### DATA BELOW
*** Begin section ***

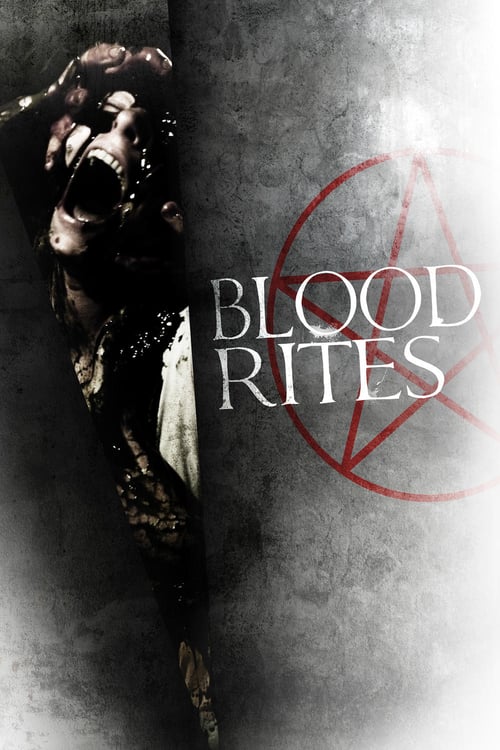 Blood Rites - Movie Poster Blood Rites - Movie Poster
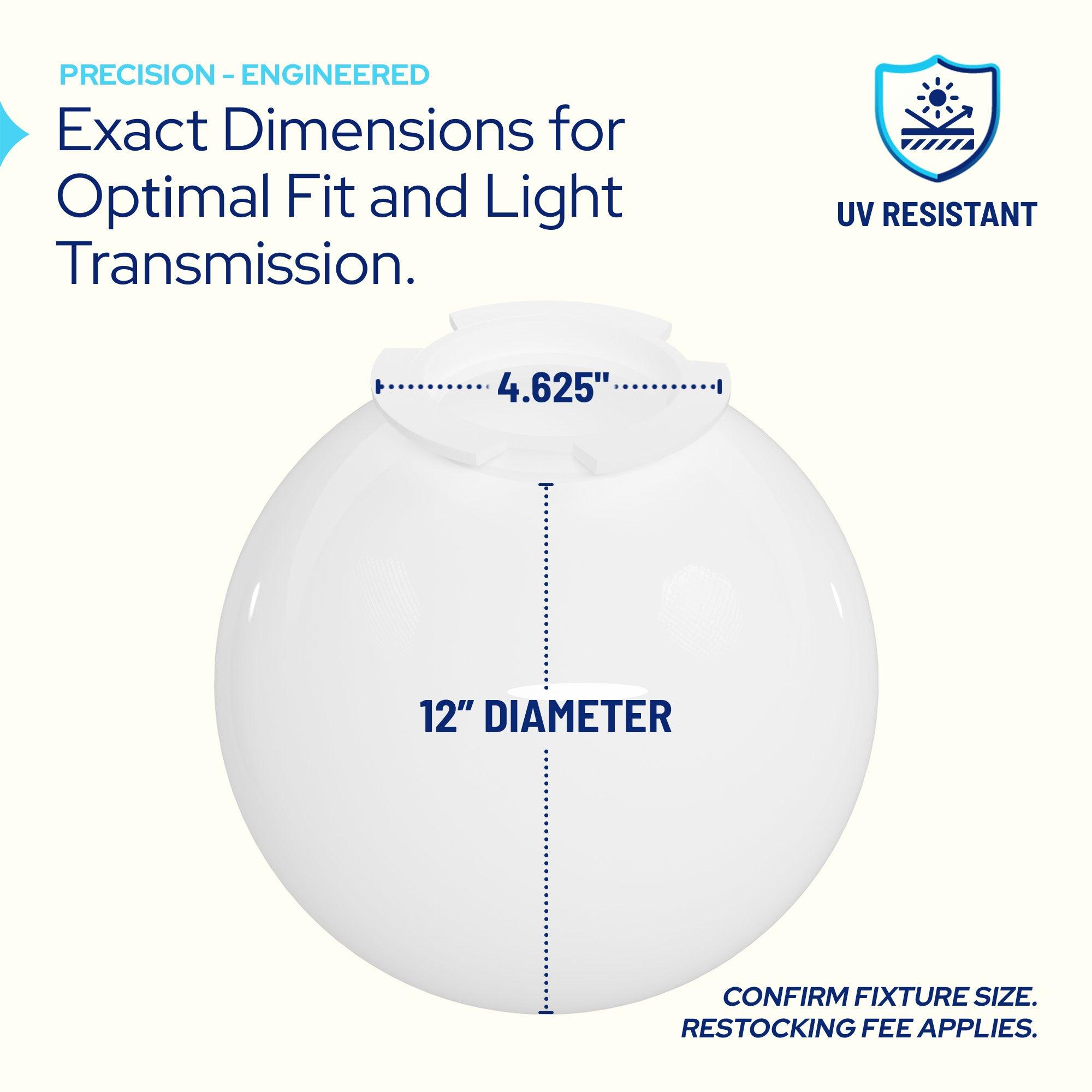 KastLite 12" Lamp Post Globe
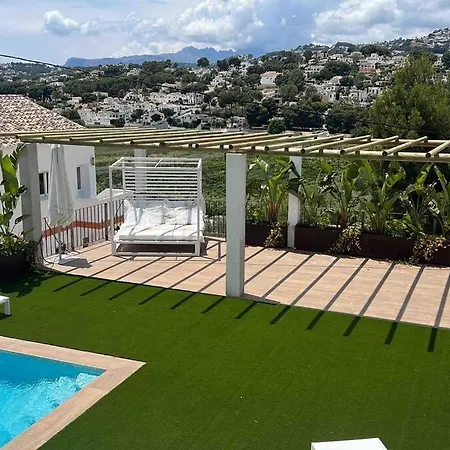 Casa Toni Moraira Villa Teulada Exterior photo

*** End section ***

### AIM OF THE TASK
Restate the data exactly, though only from the line that contains "Lamp Post Globe" through its last line, both ends included and with the pictures left out.

### WRITTEN RESPONSE
 KastLite 12" Lamp Post Globe
 Casa Toni Moraira Villa Teulada Exterior photo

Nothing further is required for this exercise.